### SOURCE MATERIAL
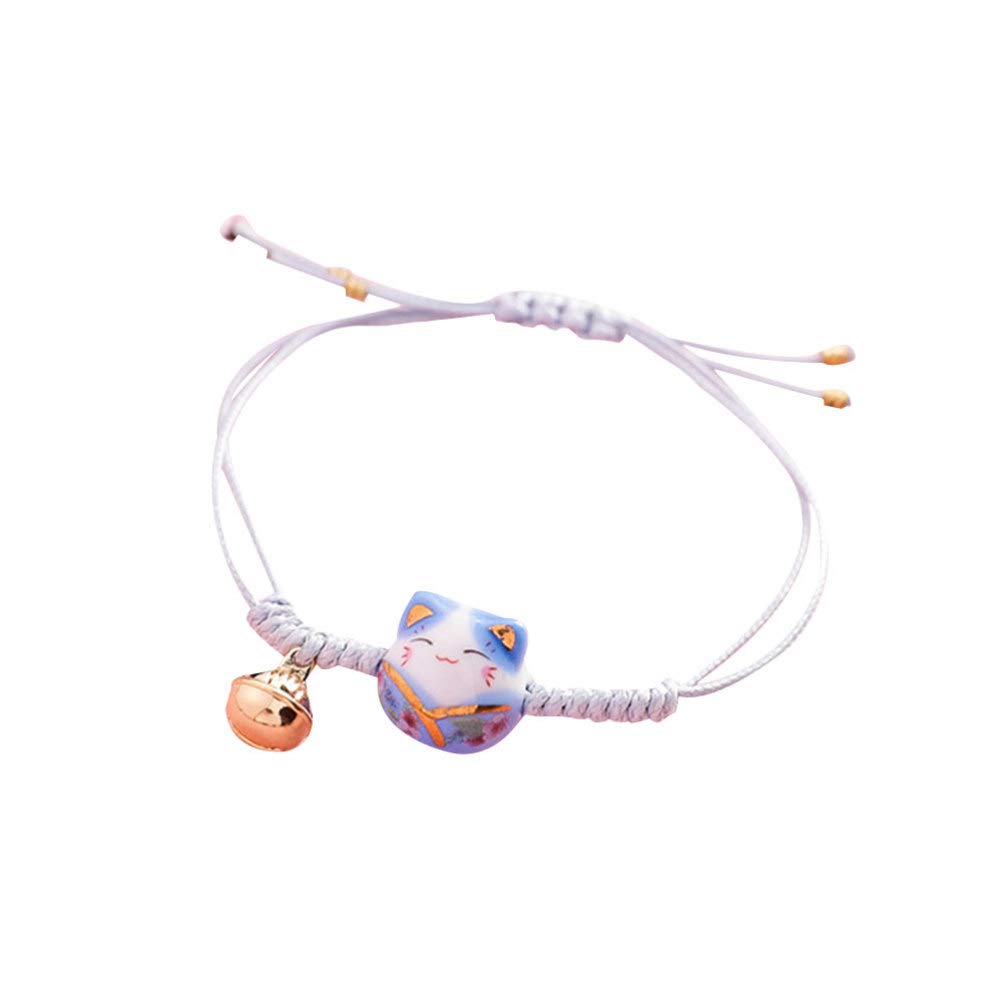 Happyyami Adjustable Cat Maneki Neko Bracelet Cute Lucky Cat Ceramic Beads Bracelets Feng Shui Japanese Fortune String Bracelet with Bell Blue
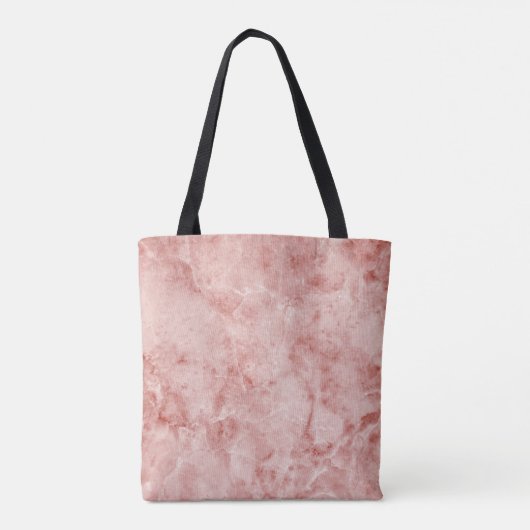 Roze koraal en witte marmer tote bag (Achterkant)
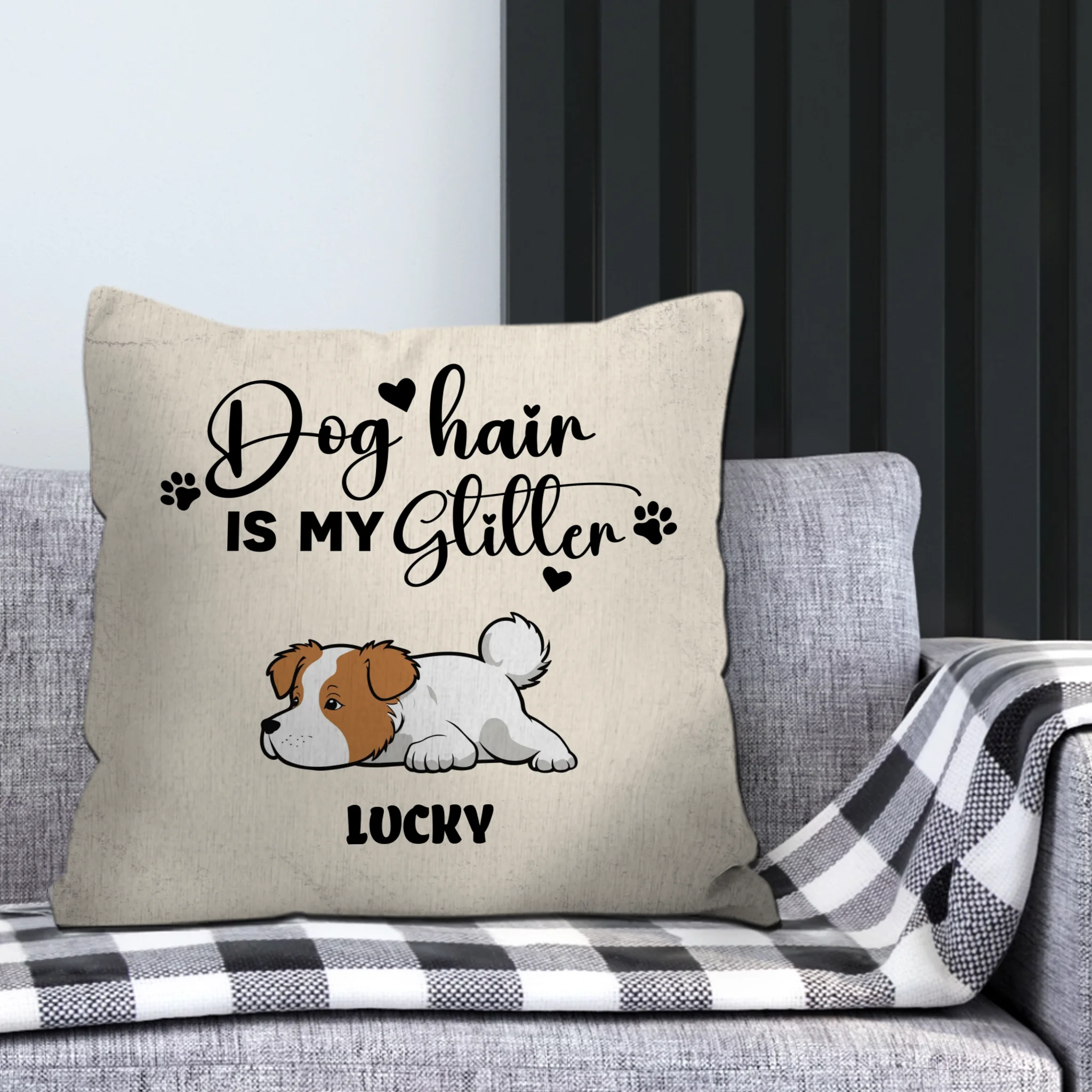 Dog Hair Is My Glitter Personalized Pillow Cover – Custom Dog Lover Gift with Dog Name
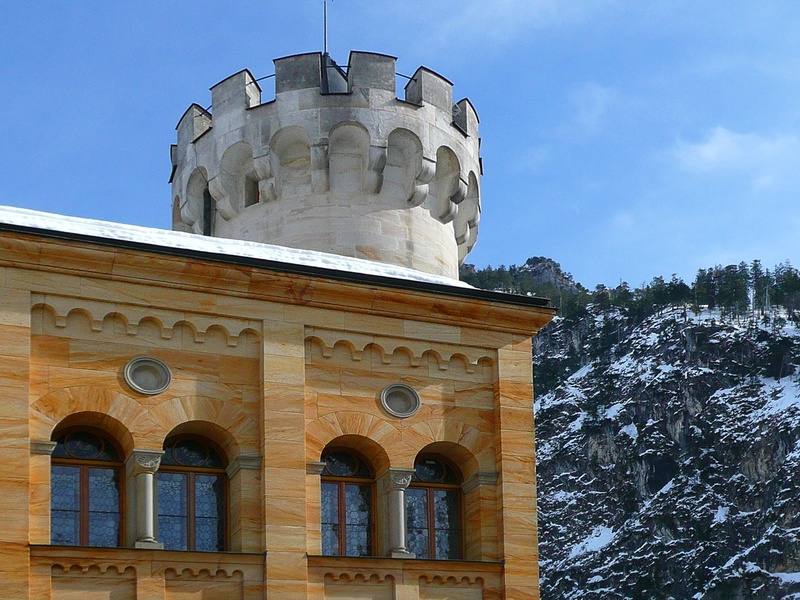 sky, history, low angle view, window, bavaria, tower, castle, füssen, cloud - sky, arch, nature, city, belief, places of interest, the past, tourism, architecture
######
## YOUR ASSIGNMENT
Could you print the whole listing again, exactly, leaving the pictures out?

## RESPONSE FOR THIS EXERCISE
 Happyyami Adjustable Cat Maneki Neko Bracelet Cute Lucky Cat Ceramic Beads Bracelets Feng Shui Japanese Fortune String Bracelet with Bell Blue
 Roze koraal en witte marmer tote bag (Achterkant)
 Dog Hair Is My Glitter Personalized Pillow Cover – Custom Dog Lover Gift with Dog Name
 sky, history, low angle view, window, bavaria, tower, castle, füssen, cloud - sky, arch, nature, city, belief, places of interest, the past, tourism, architecture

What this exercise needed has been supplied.